Floods in Cornwall. Landslides in Scotland. Oil at $50 a barrel. Petrol soon to be £4 a gallon. We seem to have a problem.

Many commentators blame extreme weather or global warming. Indeed the British media have uncritically swallowed the global warming story, and ridicule anyone who questions it. Yet I can remember the Lynmouth flood disaster in 1952. My family had just returned from holiday nearby and missed it by days. It was practically identical to the recent disaster in Boscastle, and no one blamed global warming.

In fact many scientists around the world, including our own David Bellamy, have serious reservations about global warming. The fact is that the world's climate has changed many times even in the recent geological past. Twenty thousand years ago Chicago was under hundreds of feet of ice. So much water was bound up in ice sheets that the sea level was lower, and you could have walked from Dover to Calais on dry land.

These changes are caused by a complicated interplay of factors that include minor fluctuations in the Earth's orbit, and changes in the energy output of the sun. There is good evidence that the sun has got brighter over the last thousand years.

Back in the seventies they were already publishing "climate-disaster" books - but then the worry was global cooling.

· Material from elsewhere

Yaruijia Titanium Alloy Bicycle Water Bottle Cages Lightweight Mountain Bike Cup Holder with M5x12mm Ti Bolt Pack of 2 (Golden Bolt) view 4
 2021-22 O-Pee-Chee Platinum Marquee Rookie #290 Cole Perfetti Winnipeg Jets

We had titles like "The Coming Ice Age". Climate scares are a bit like food scares and diet advice - more to do with fashion than science.

Nevertheless, enough scientists are concerned about climate change and greenhouse gasses that we should do well to take precautionary measures.

Our two key objectives should be to reduce emissions, and to reduce UK dependence on imported oil and gas. But tragically, we seem to be doing the opposite. According to estimates from the Institute of Civil Engineers, we currently get 35% of our energy from coal, and 22% from nuclear. They estimate that in six short years, those figures will be down to 17% and 16%.

That leaves a shortfall of 24% to be made up elsewhere. Renewables will help, but will probably not make up even a quarter of the shortfall. The rest will have to come from even more imported oil and gas, at ever higher prices.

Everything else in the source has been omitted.